(Data items)
..........

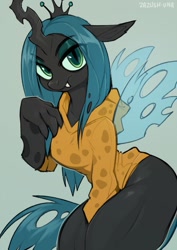 Size: 905x1280 | Tagged: safe, artist:zazush-una, character:queen chrysalis, species:anthro, g4, hoodie, looking at you, solo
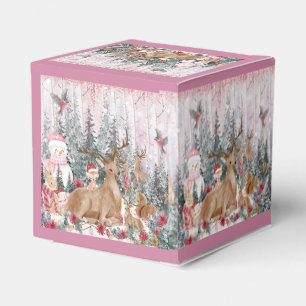 Pink Watercolor Rentier, Snowman Frohe Weihnachten Geschenkschachtel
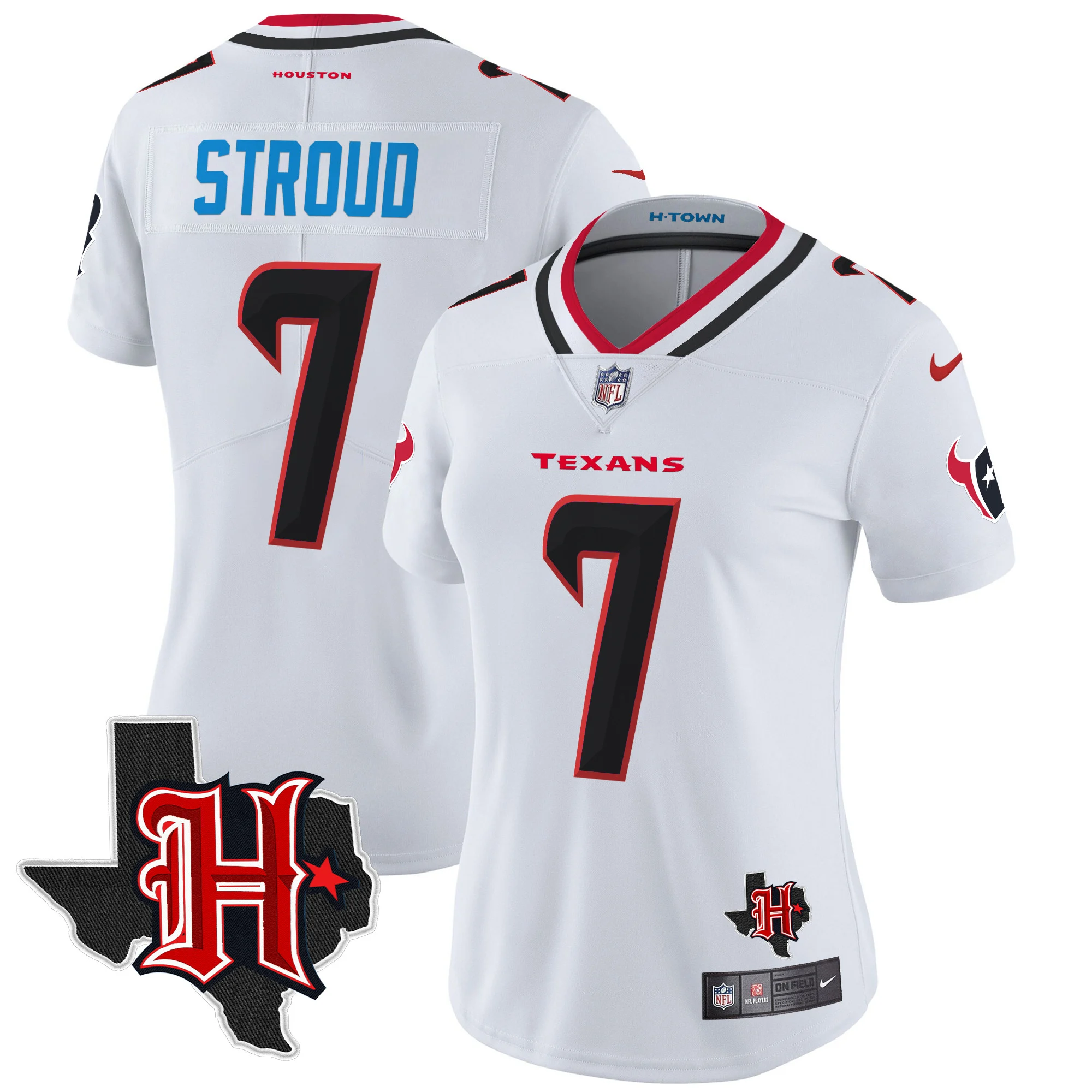 Womens Houston Texans 2024 Texas Patch Vapor Limited Jersey V5 CJ Stroud Jersey White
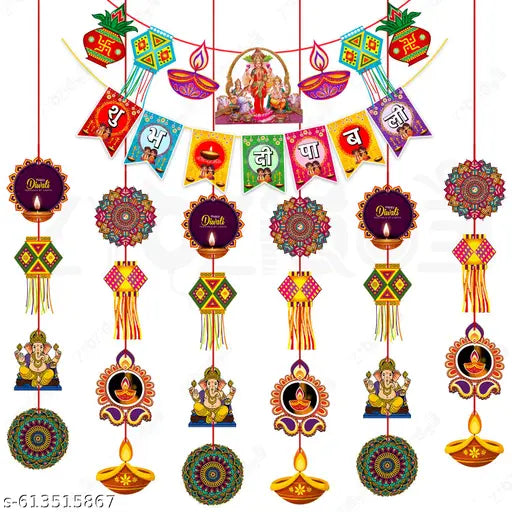 Zyozique® Diwali Festival Decorations Set, Paper Banner with Ganesha Motifs, Shubh Deepavali Paper Banner With Diya Motifs, Traditional Hanging Decor Cutouts Multicolor - Pack Of 35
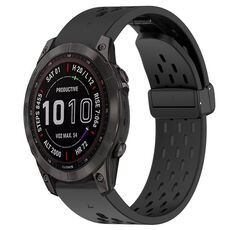 Per cinturino in silicone Garmin Fenix 7S Sapphire Solar da 20 mm con foro per fibbia pieghevole (nero)
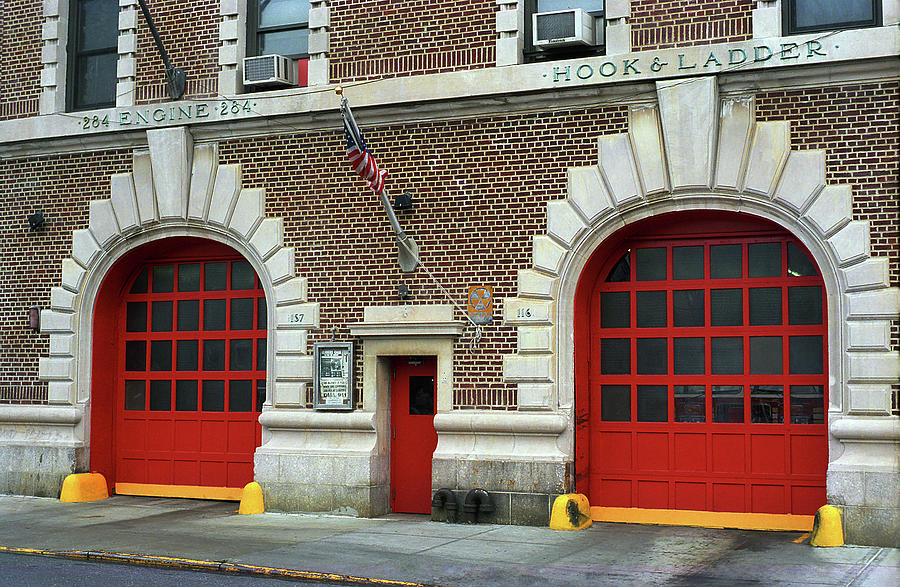 Brooklyn Firehouse Double Doors 2001 Photograph by Frank Romeo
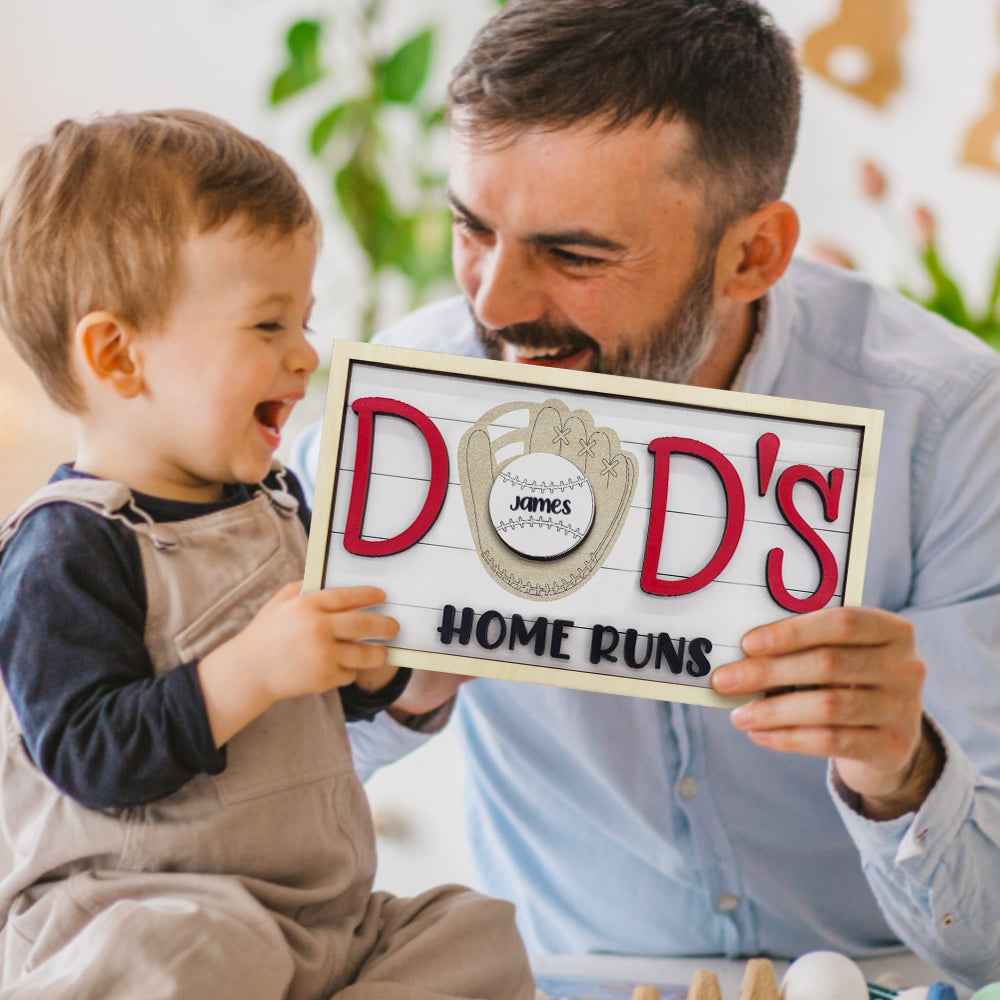 Personalized Baseball Dad Wooden Name Sign Plaque Father's Day Gift for Dad Grandpa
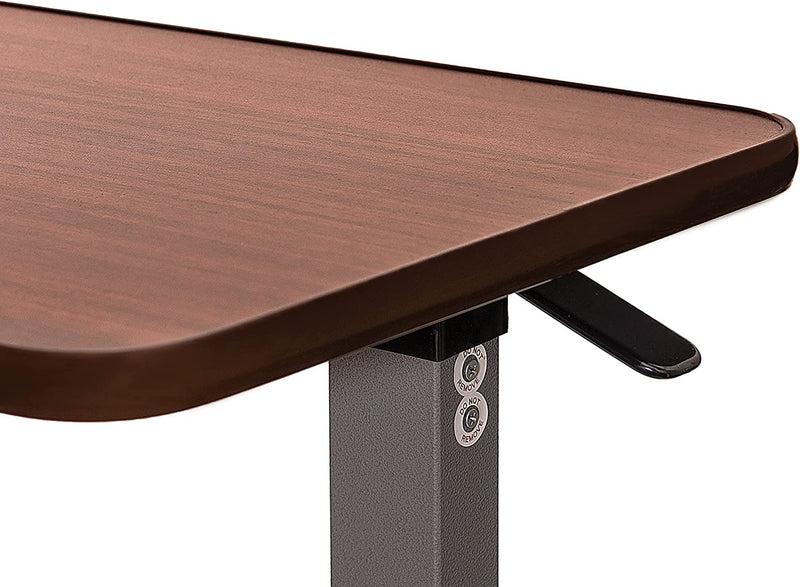 Medical Overbed Tables Adjustable Overbed Bedside Table With Wheels (Hospital and Home Use), Walnut Brown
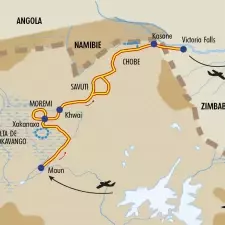 Itinéraire du voyage Du Delta de l’Okavango aux Chutes Victoria - Botswana - Tirawa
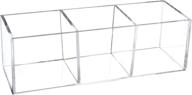 🗂️ dedoot 3 compartment clear plastic drawer organizer for office, bathroom, kitchen- 7x2x2inch storage cube desk acrylic organizer bin logo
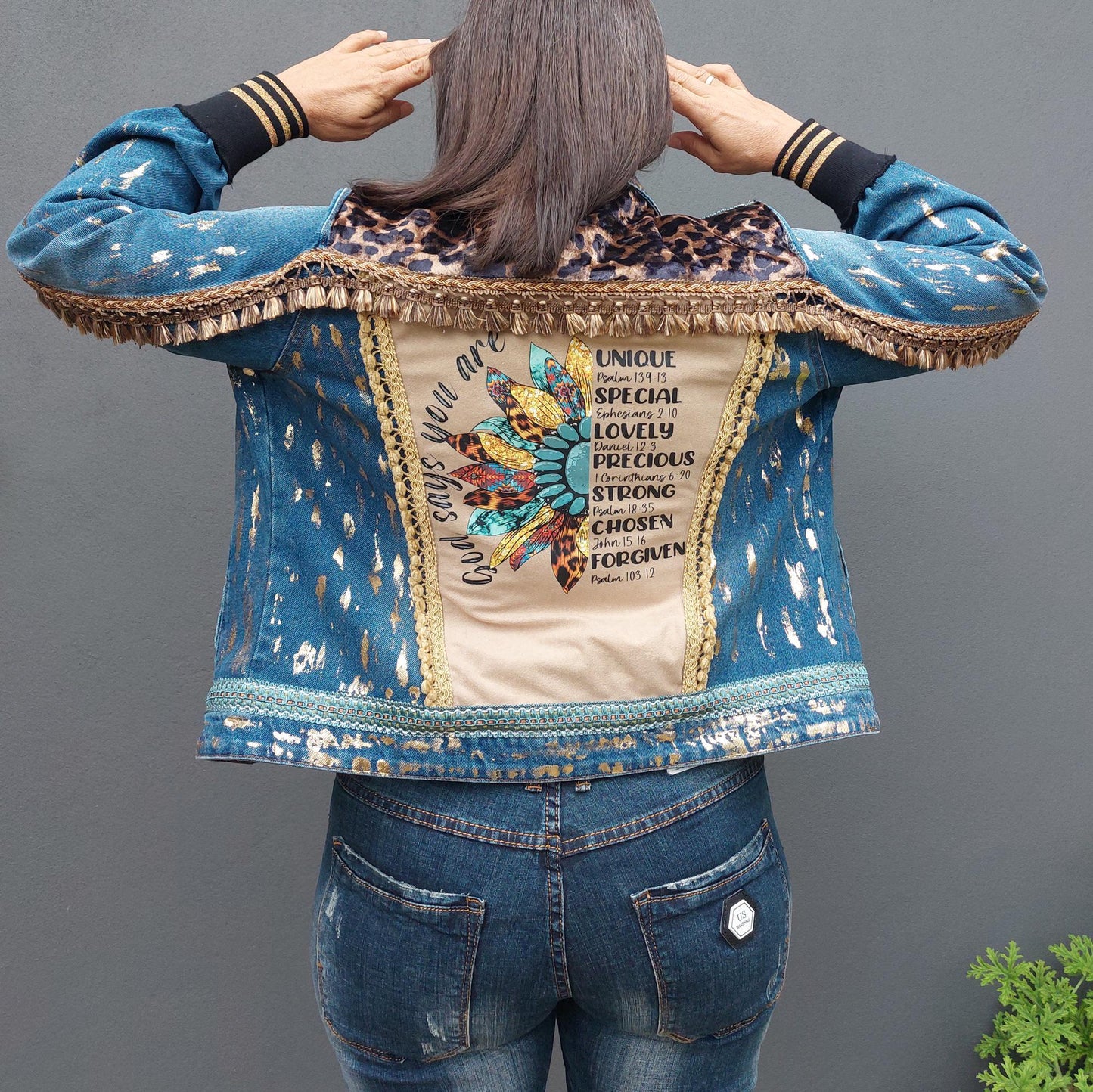 Customised denim jacket with metallic efects| Animal print Hand made Customized Denim Jacket|Denim jacket leopard design | Christmas gifts
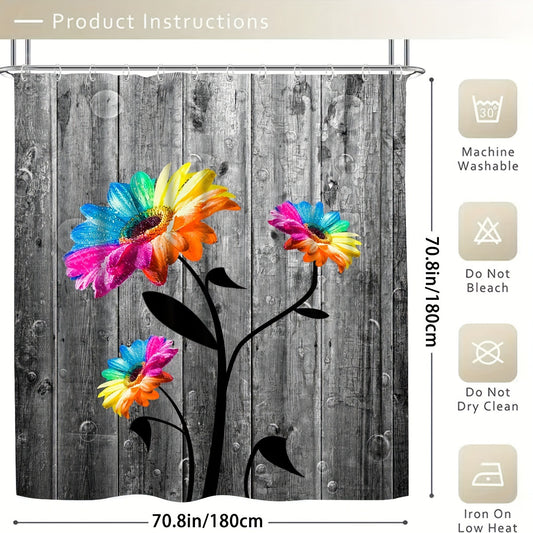 Seven Colored Flower Shower Curtain Set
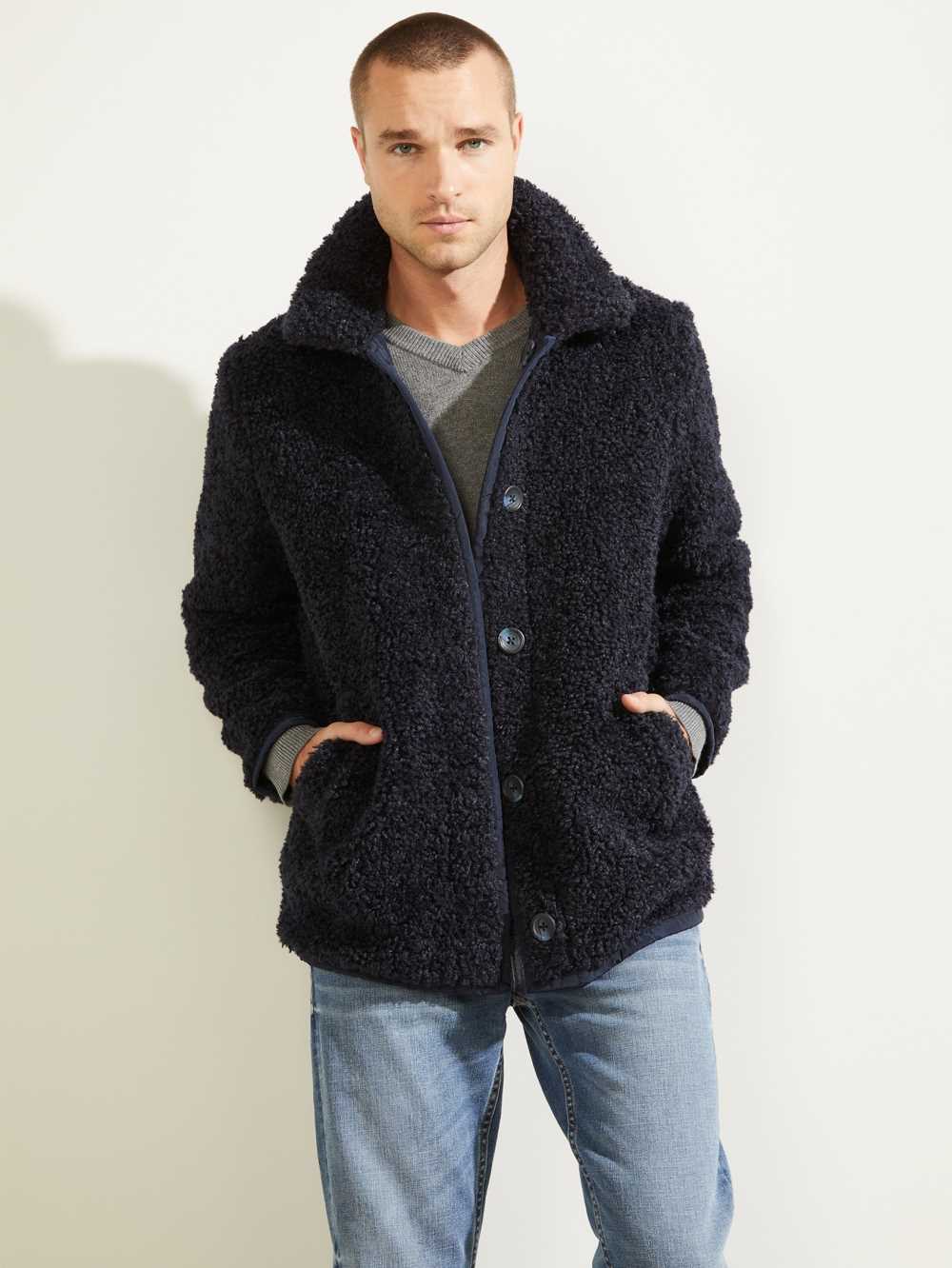 Dark Blue Men's Guess Reversible Nylon Sherpa Peacoat Coats Australia Sale | 470FYSQRW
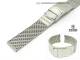 Watch band short stainless steel 18mm mesh polished robust by Staib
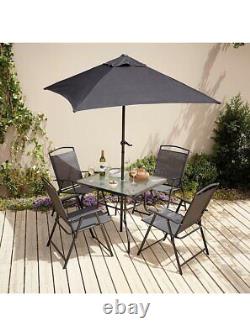 Garden Furniture Outdoor Patio Folding Set Miami Charcoal 6 Piece Garden Patio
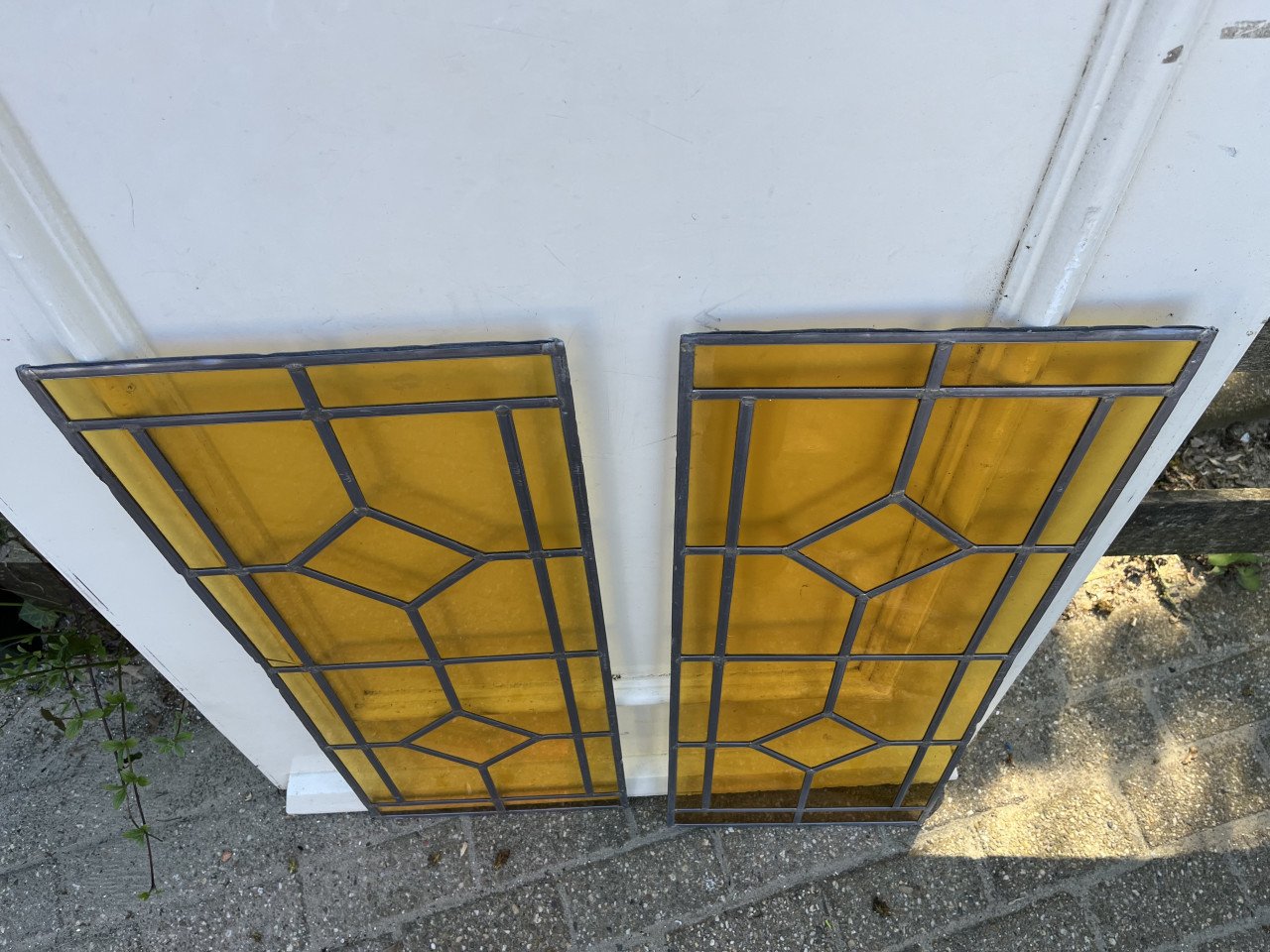Glas in loodramen 2 stuks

..........

■ What you have to do ■
The records must appear again word for word, though none of their pictures should.

■ Response to this task ■
 Size: 905x1280 | Tagged: safe, artist:zazush-una, character:queen chrysalis, species:anthro, g4, hoodie, looking at you, solo
 Pink Watercolor Rentier, Snowman Frohe Weihnachten Geschenkschachtel
 Womens Houston Texans 2024 Texas Patch Vapor Limited Jersey V5 CJ Stroud Jersey White
 Zyozique® Diwali Festival Decorations Set, Paper Banner with Ganesha Motifs, Shubh Deepavali Paper Banner With Diya Motifs, Traditional Hanging Decor Cutouts Multicolor - Pack Of 35
 Per cinturino in silicone Garmin Fenix 7S Sapphire Solar da 20 mm con foro per fibbia pieghevole (nero)
 Brooklyn Firehouse Double Doors 2001 Photograph by Frank Romeo
 Personalized Baseball Dad Wooden Name Sign Plaque Father's Day Gift for Dad Grandpa
 Medical Overbed Tables Adjustable Overbed Bedside Table With Wheels (Hospital and Home Use), Walnut Brown
 Itinéraire du voyage Du Delta de l’Okavango aux Chutes Victoria - Botswana - Tirawa
 🗂️ dedoot 3 compartment clear plastic drawer organizer for office, bathroom, kitchen- 7x2x2inch storage cube desk acrylic organizer bin logo
 Customised denim jacket with metallic efects| Animal print Hand made Customized Denim Jacket|Denim jacket leopard design | Christmas gifts
 Seven Colored Flower Shower Curtain Set
 Dark Blue Men's Guess Reversible Nylon Sherpa Peacoat Coats Australia Sale | 470FYSQRW
 Watch band short stainless steel 18mm mesh polished robust by Staib
 Garden Furniture Outdoor Patio Folding Set Miami Charcoal 6 Piece Garden Patio
Glas in loodramen 2 stuks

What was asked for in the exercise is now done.